═══ Data for the task

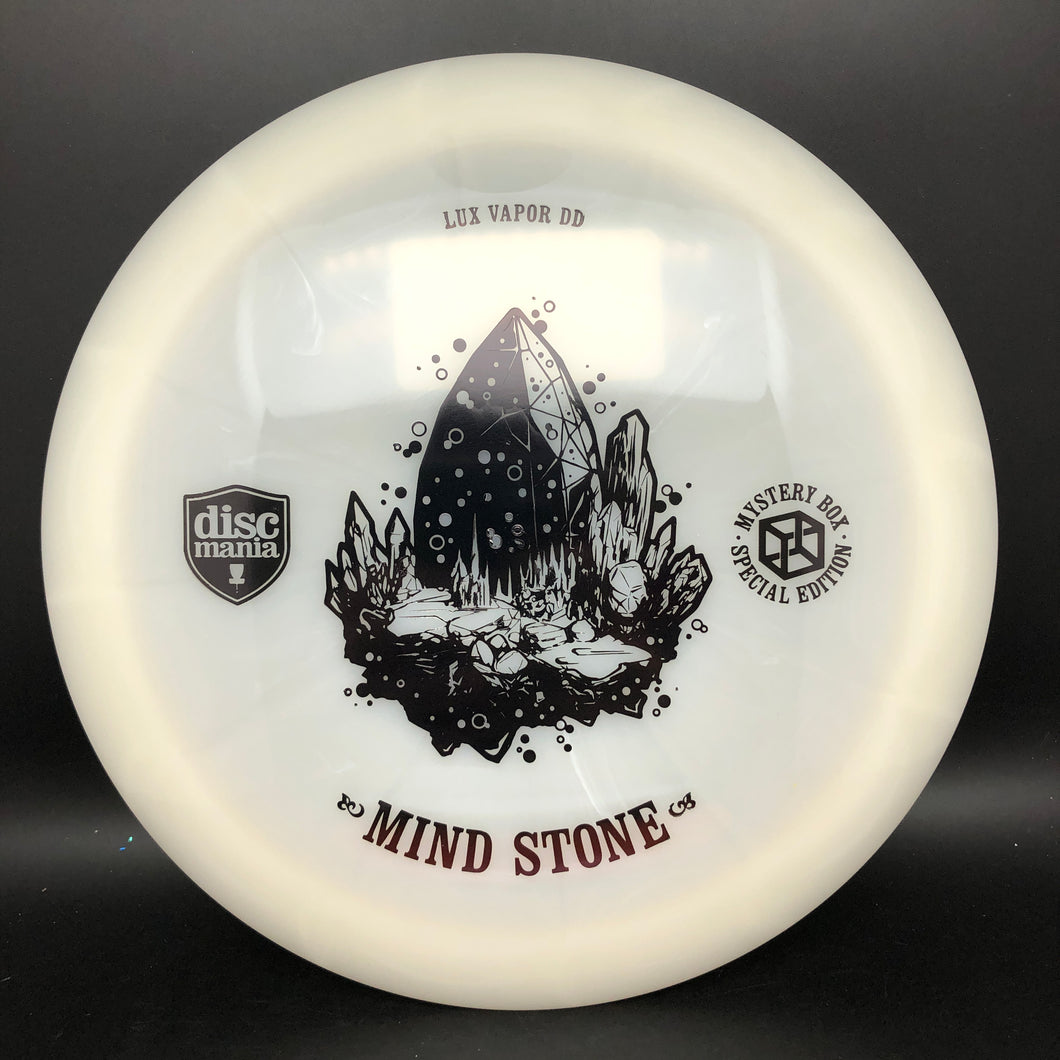 Discmania Lux Vapor DD - Mind Stone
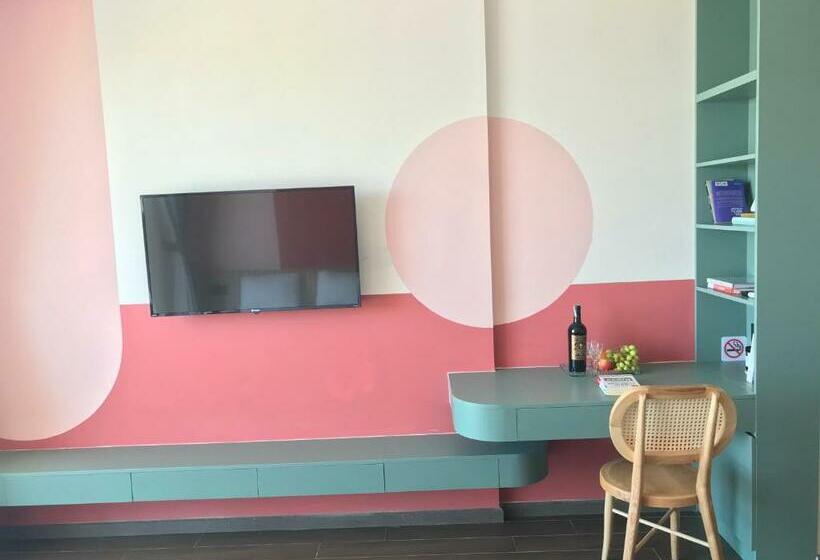 Nguyen’s House Phu Yen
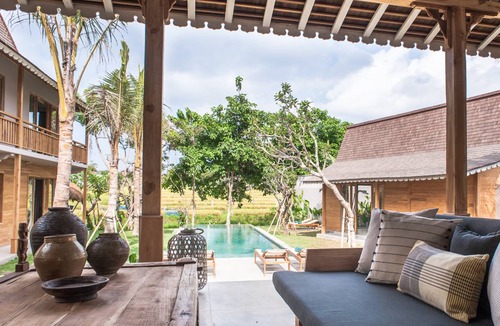 Kerobokan Villa | Villa Alea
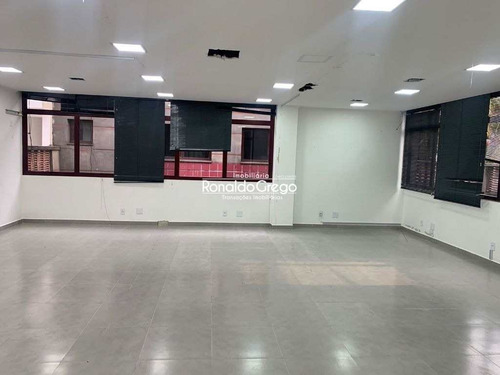 Imagem 5 de 30 de 3 Salas, 4 Banheiros, 14 Vagas, 299m² - V7484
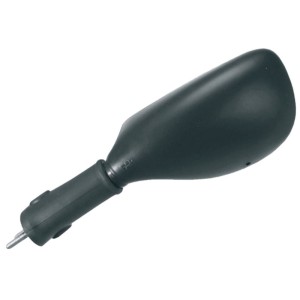 Lusterko VICMA lewe, czarne Buell XB12R, XB9R 900/1200 2002-2010 (E399I)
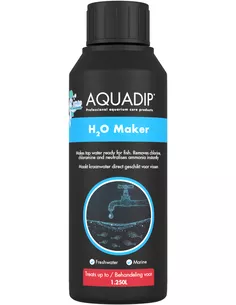 Aquadip H2O Maker 250ml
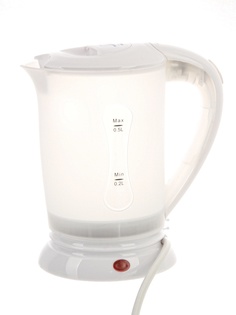 Чайник Микма ИП 518 500ml White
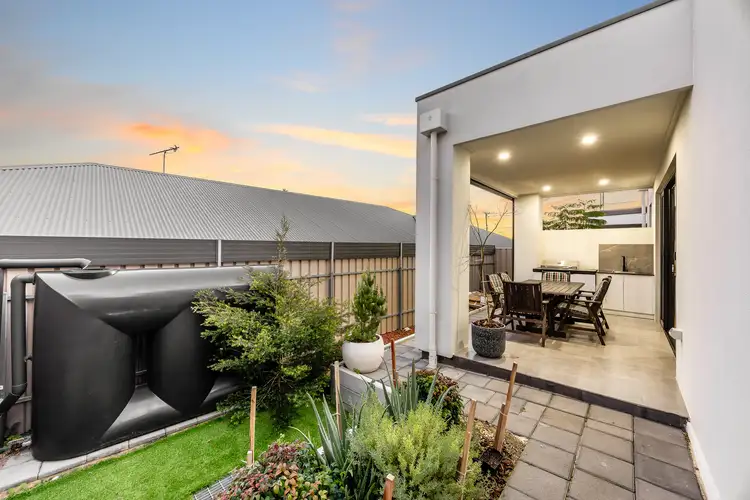 Third view of Homely house listing, 2/2 Gulfview Drive, Rostrevor SA 5073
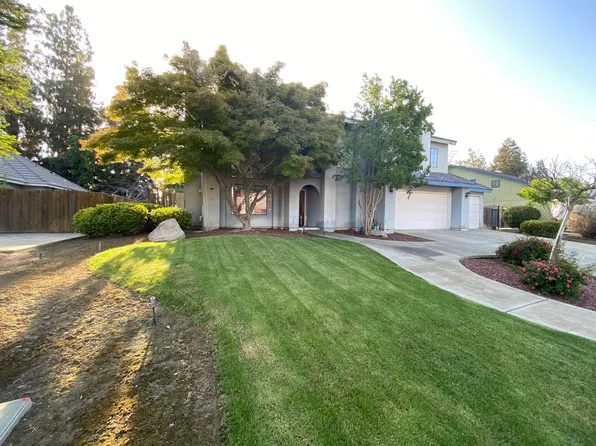 1814 S Maselli Street, Visalia, CA 93277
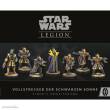 Atomic Mass Games FFGD4689 - Star Wars: Legion - Vollstrecker der Schwarzen Sonne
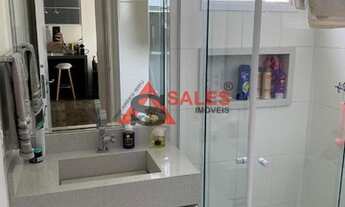 Imagem 7: Apartamento à venda, por R$ 520.000,00 Bairro Sacomã, com 65m²,com 02 dormitórios, 01 vaga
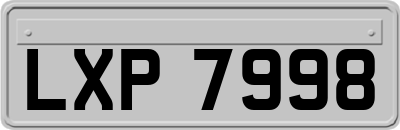 LXP7998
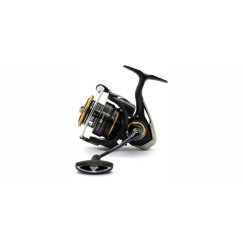 Катушка Daiwa 18 Legalis LT 2000S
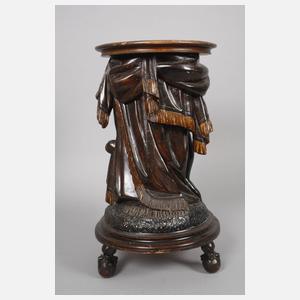 Figürlicher Beistelltisch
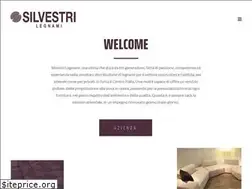 Sites similar to silvestrilegnami.it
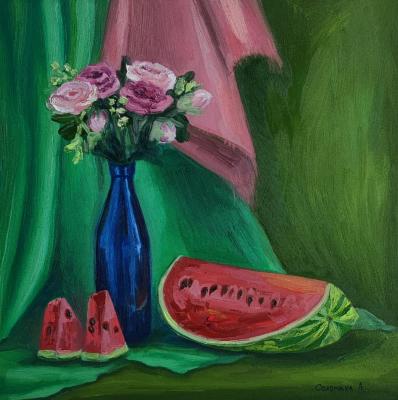 Untitled. Solomaha Anna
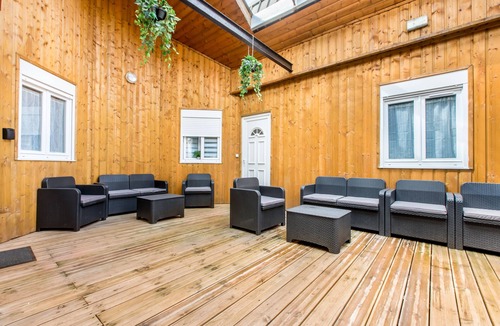 Tourcoing Apartment | Starwars. Pour un Voyage Tout Comfort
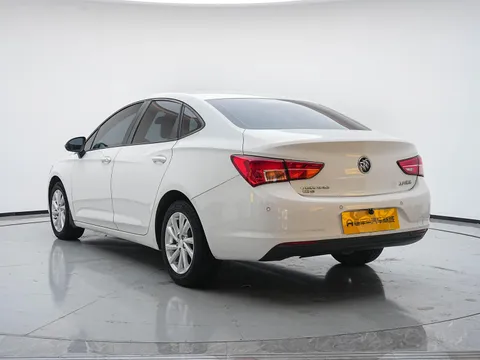 Buick Verano
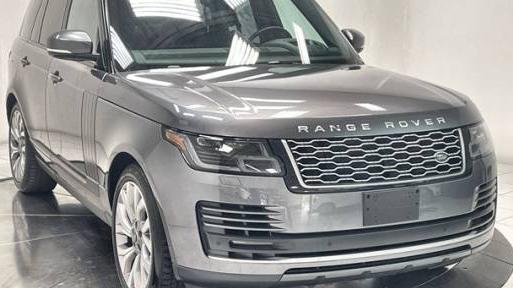 LAND ROVER RANGE ROVER 2019 SALGS2SV9KA532396 image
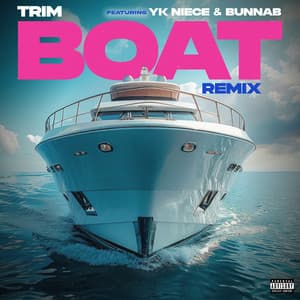 Single: BOAT REMIX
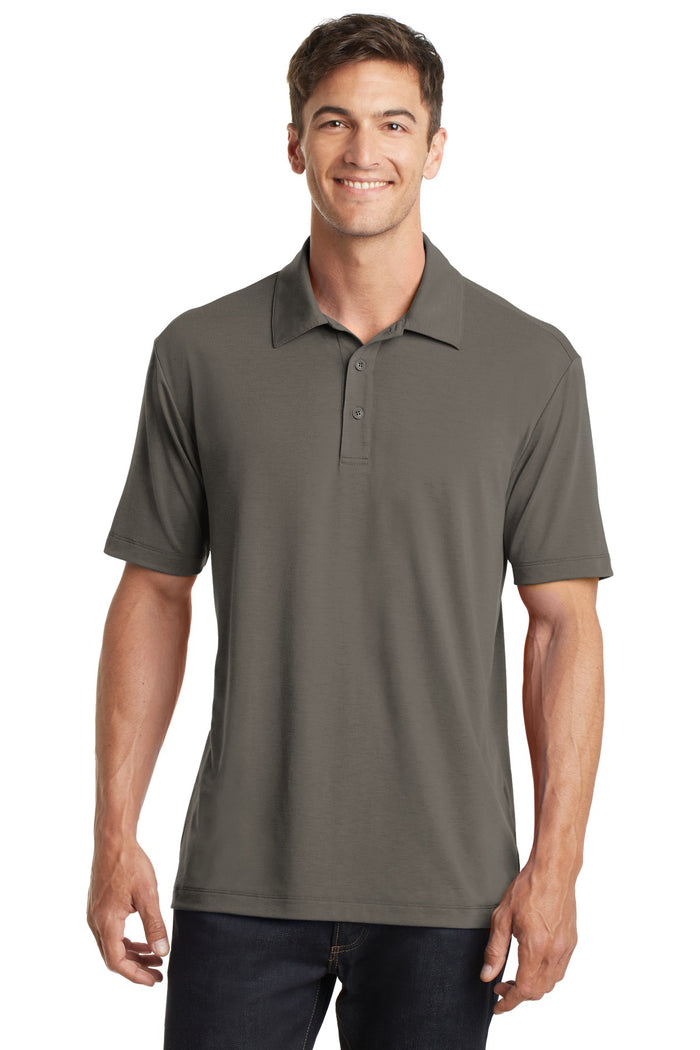 Port Authority K568 - Cotton Touch Performance Polo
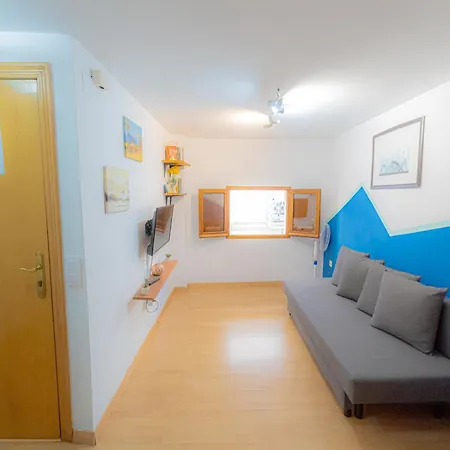 Apartment Catedral *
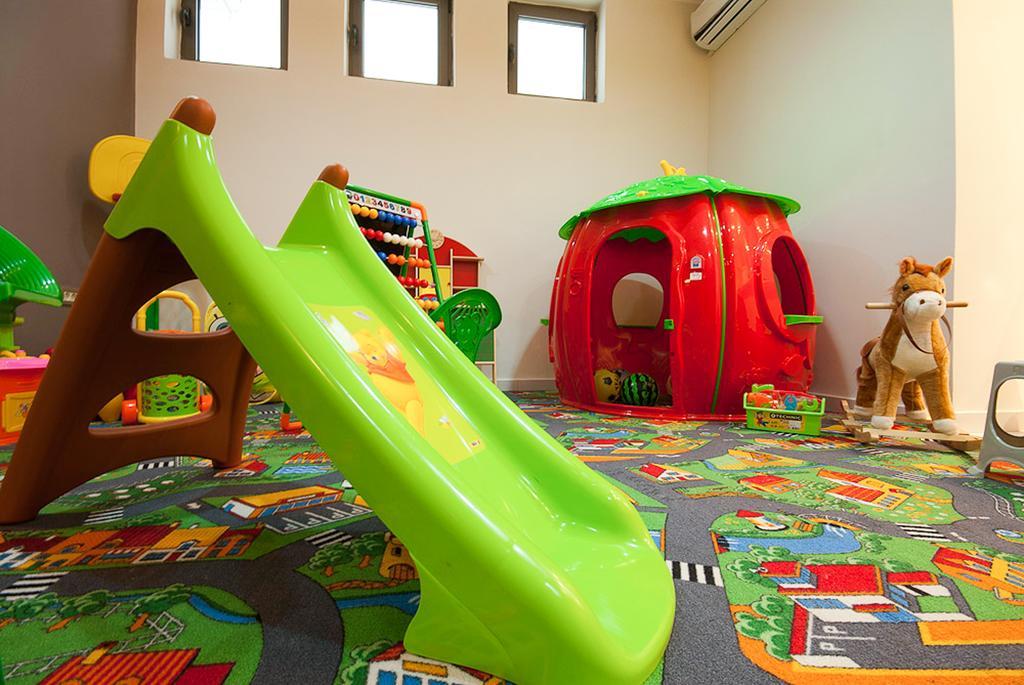Domador Rooms & Apartments Bečići Esterno foto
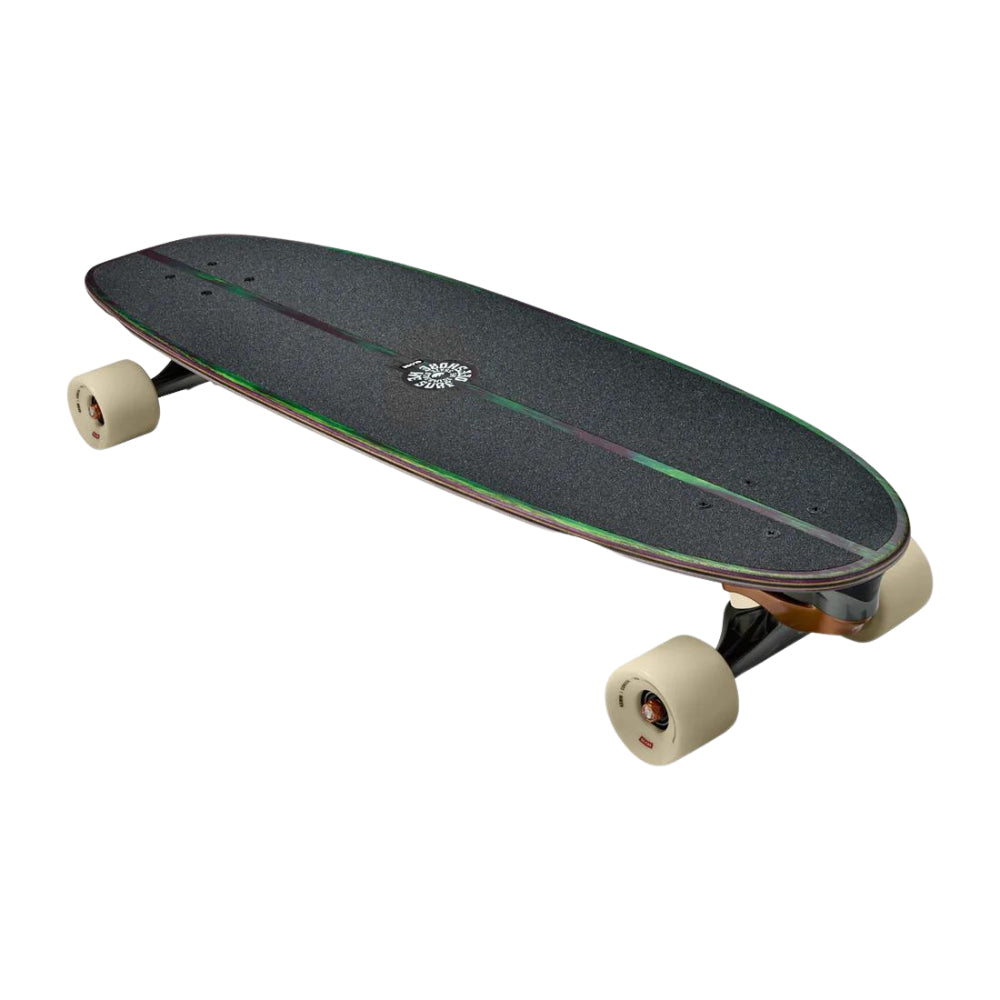 Globe Skateboards Costa Complete Surfskate Last Out 31"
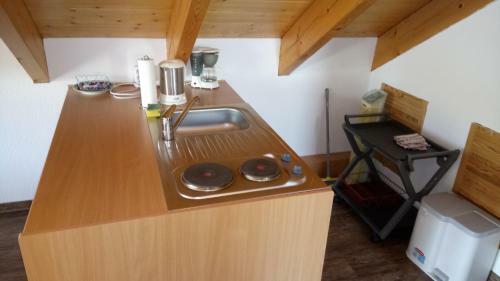 Apartmenthaus Reichelt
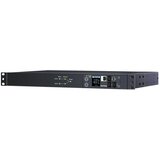 Cyberpower PDU44005 power distribution unit (PDU) 10 AC outlet(s) 1U Black Cijene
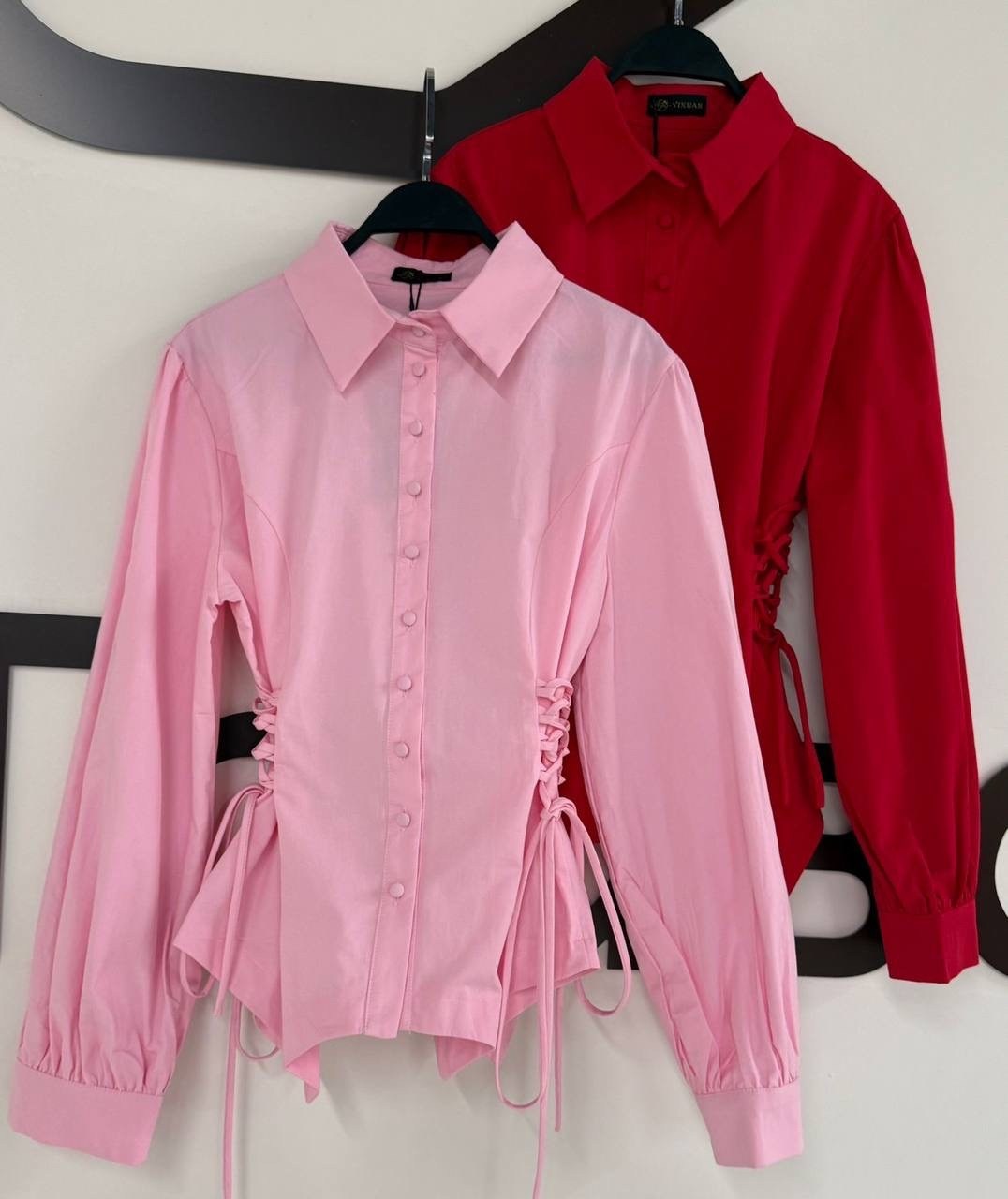 рубашка женская,женская блузка,блузка с оборками,рубашка блузка,рубашка с завязками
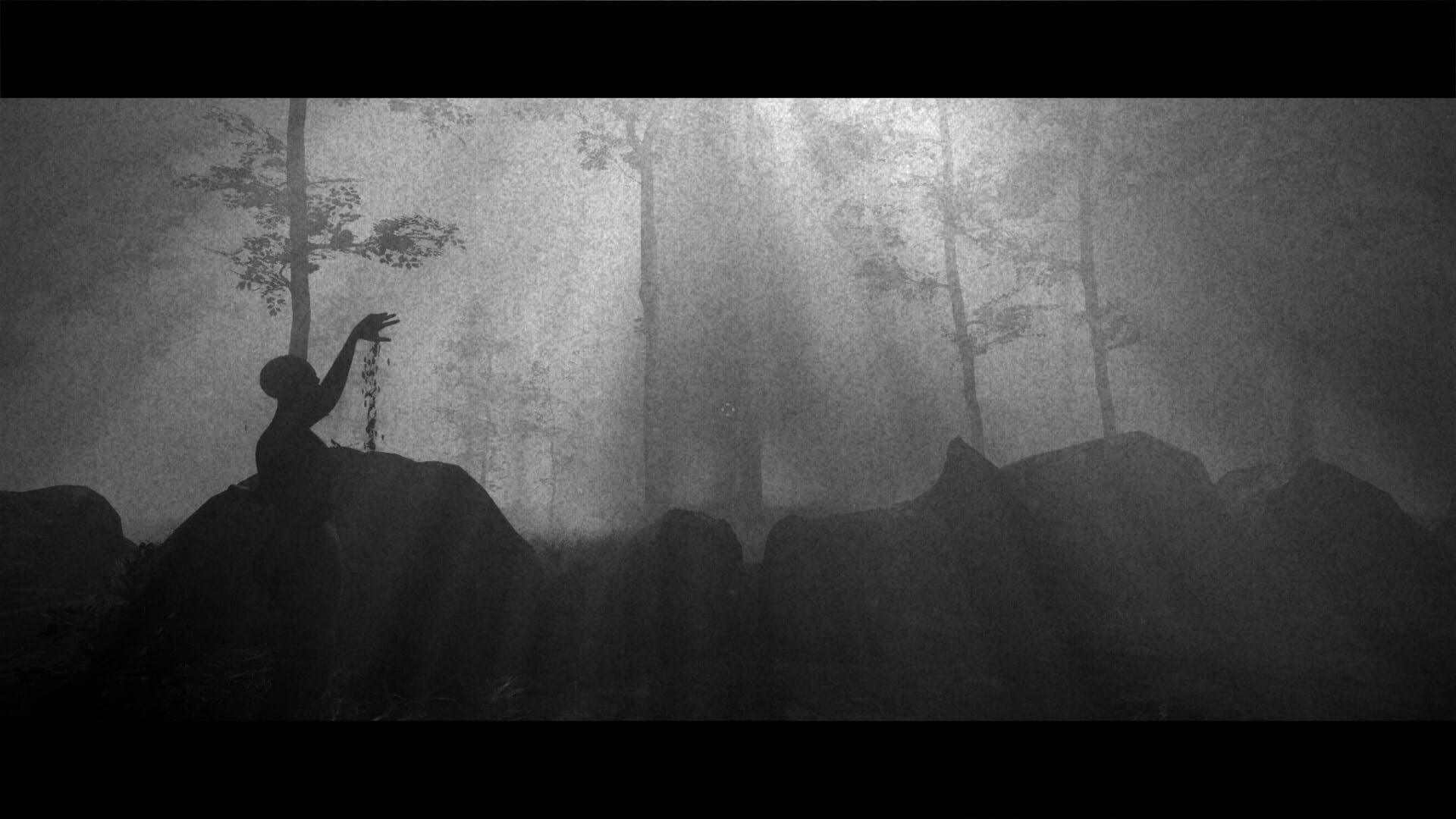 Screenshot for The Colossus Is Coming: The Interactive Experience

══════

- _Problem to work on_
For the entries above, print exactly the lines between the one with "Aquadip H2O Maker 250ml" and the one with "Atomic Mass Games", inclusive, with no pictures.

- _Response for this exercise_
 Aquadip H2O Maker 250ml
 Чайник Микма ИП 518 500ml White
 Third view of Homely house listing, 2/2 Gulfview Drive, Rostrevor SA 5073
 1814 S Maselli Street, Visalia, CA 93277
 Atomic Mass Games FFGD4689 - Star Wars: Legion - Vollstrecker der Schwarzen Sonne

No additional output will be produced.